If you liked Carly Rae Jepsen’s Emotion Side B, try…

Blood Orange, Freetown Sound

It’s cheating a bit to pair these two together, because so much of Carly Rae Jepsen comes from Blood Orange. Dev Hynes, a.k.a. Blood Orange, is a producer and writer who worked on Jepsen’s album (as well as with a slew of other popular singers, including Solange Knowles and Florence and the Machine). If you enjoyed Jepsen’s add-on album to 2015’s Emotion, Blood Orange is for you. Though what it offers is a little less pure pop than Jepsen’s “Higher,” for example, the album retains the sort of driving beats the pop star is known for, while adding more vocals, tempos, and unexpected instrumentation. As a bonus, Jepsen herself is featured on the song “Better Than Me.”

If you liked The 1975’s I Like It When You Sleep for You Are So Beautiful Yet So Unaware of It, try…

Whitney, Light Upon the Lake

If the 1975 is today’s answer to a pop boy band, Whitney is its alternative on the indie acoustic scene. The 1975, a group of four from Manchester, focus mostly on electronic pop with just a hint of rock and ’80s slow jam, making excellent music for big crowd shows. Whitney is another crew of men, but the group’s one and only album zeroes in on pure acoustic pop. Whitney’s Light Upon the Lake, one of my favorite albums of 2016, taps into a sense of nostalgia with sweet and simple lyrics and occasional trumpet solos. If you dig the 1975’s more lyrically driven songs, like the single “UGH!” you’ll like Whitney, especially their song “No Matter Where We Go.”

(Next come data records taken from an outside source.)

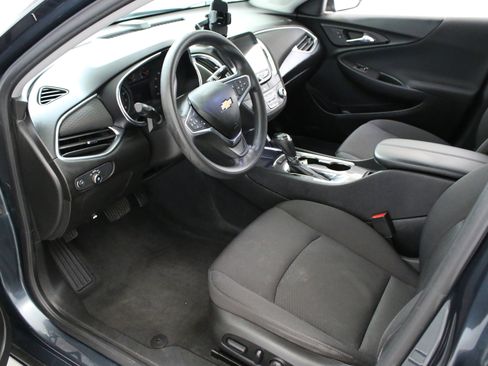 Used 2019 Chevrolet Malibu LT w/ Driver Confidence Package II image 24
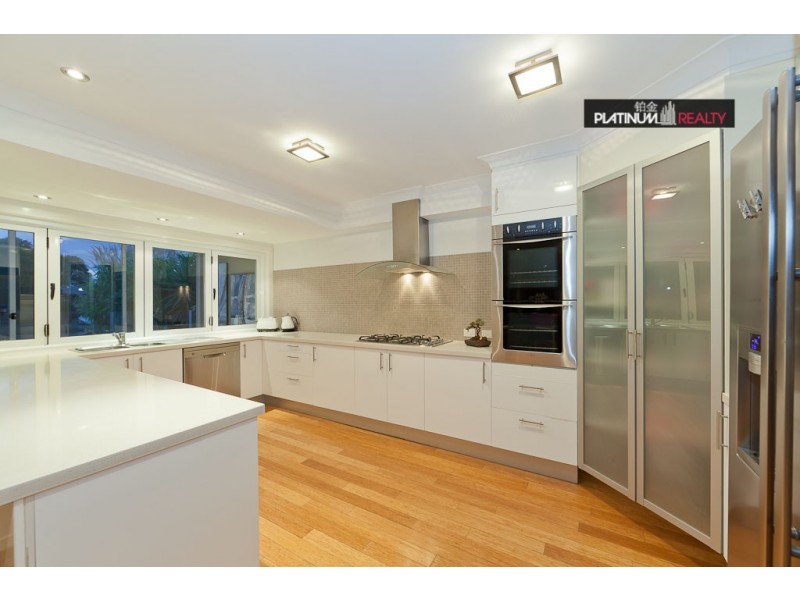 Broadbeach Waters QLD 4218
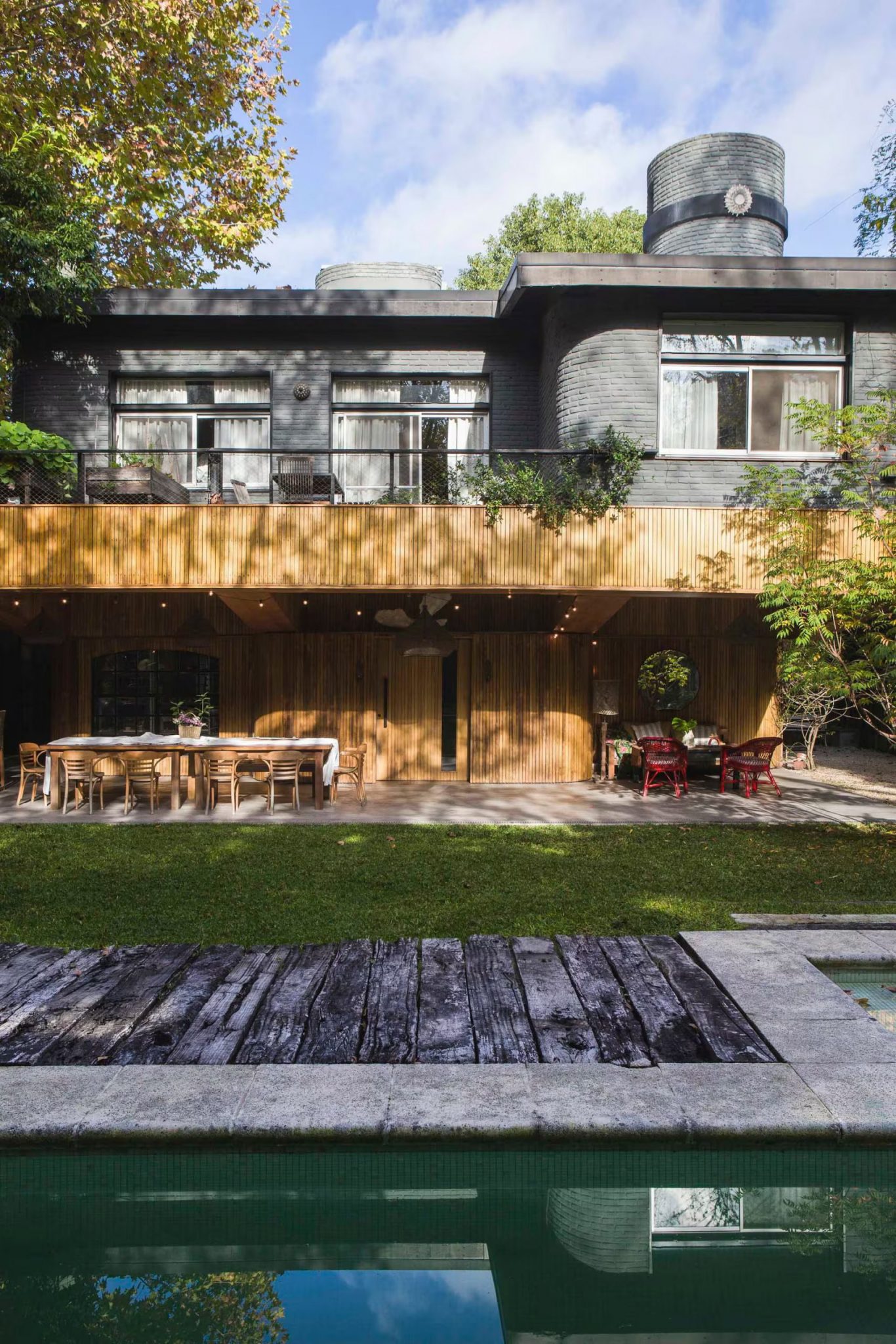 maison béton et bois style brutaliste avec piscine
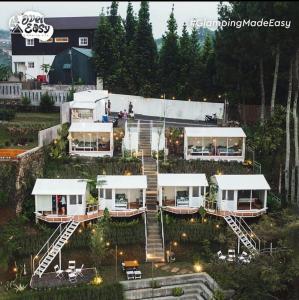 eine Luftansicht eines Hauses mit einer Treppe in der Unterkunft Over Easy Glamping Site in Bandung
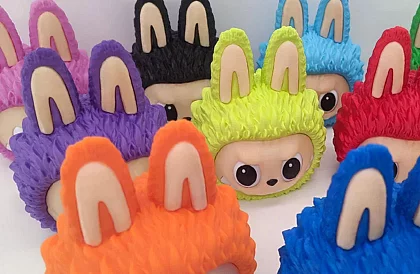 Labubu pokladnička – opakovane vyprázdniteľná, s pohyblivými očami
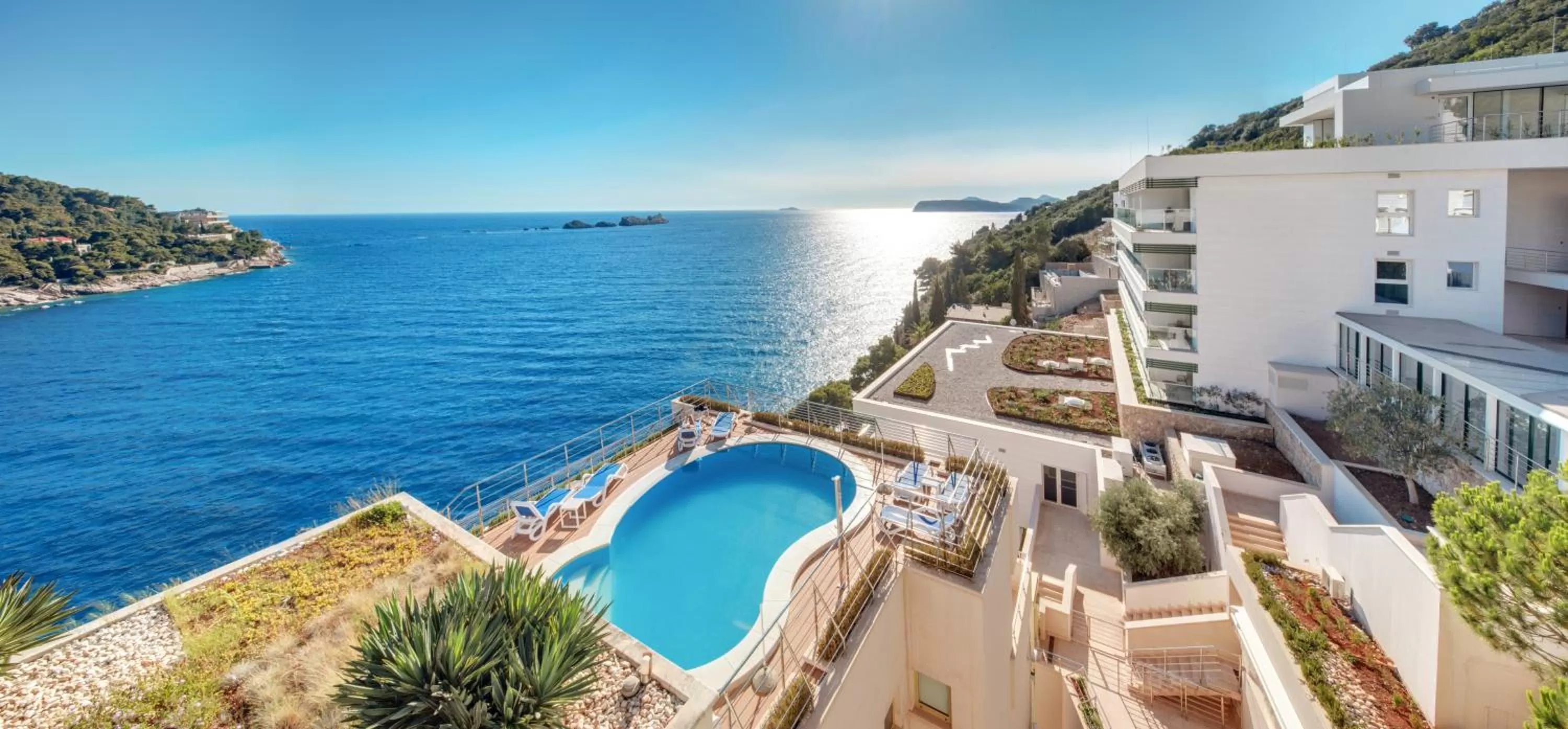 Property building in Hotel More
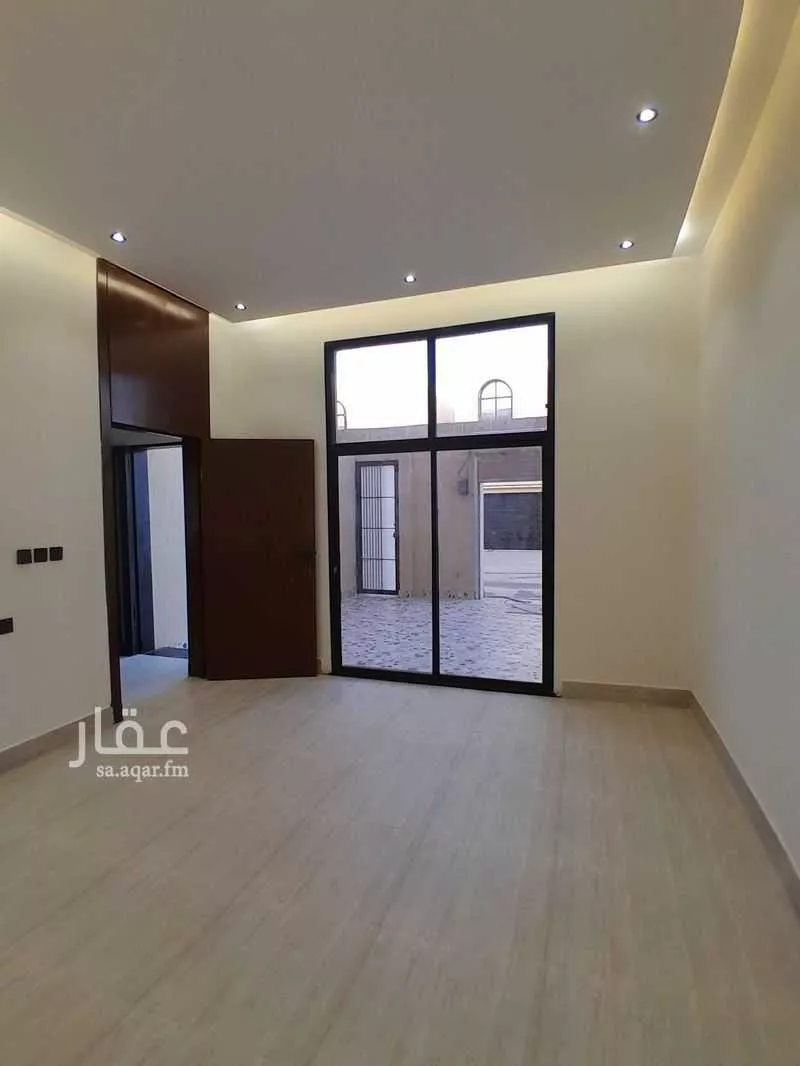 5 bedroom villa in Tuwaiq 12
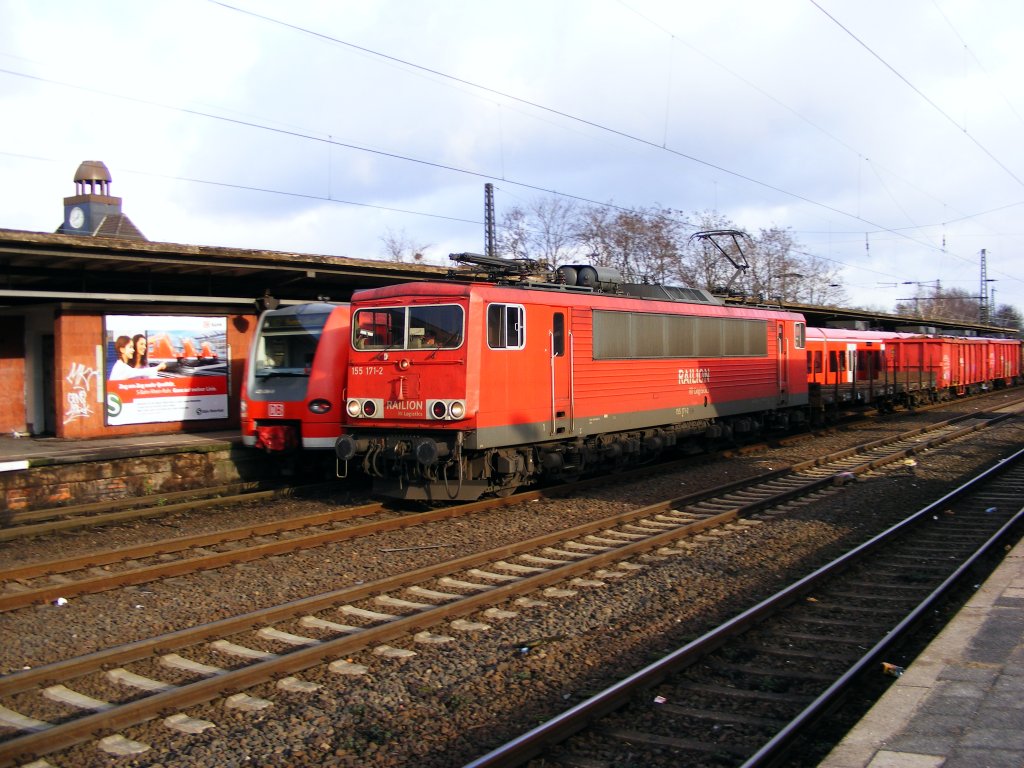 Eine DB 155 ist am 19.12.2008 im Bahnhof von Herne unterwegs.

If you liked Beyoncé’s Lemonade, try…

Solange, A Seat at the Table

I always hesitate to directly compare the Knowles sisters: One stands in a field of her own as the undisputed queen of the popular music world and everything that comes with it; the other is a wholly individual R&B artist whose music is less focused on flash and more on soul. In 2016, though, both women released beautiful albums that are only on par with each other. Beyoncé’s Lemonade, released with a stunning visual album, not only produced great anthems (“Formation,” “Hold Up”) but its songs let us into Beyoncé’s personal life and addressed racial and political tensions, especially in the accompanying videos.

Solange’s A Seat at the Table is quieter, a soul album with rap influences that features both Raphael Saadiq and Lil Wayne. It’s political as well: In “Cranes in the Sky” and “Don’t Touch My Hair,” Solange works through struggles she faces as a black woman. They’re two spectacular 2016 albums that stand on their own, while also reflecting each other’s strengths.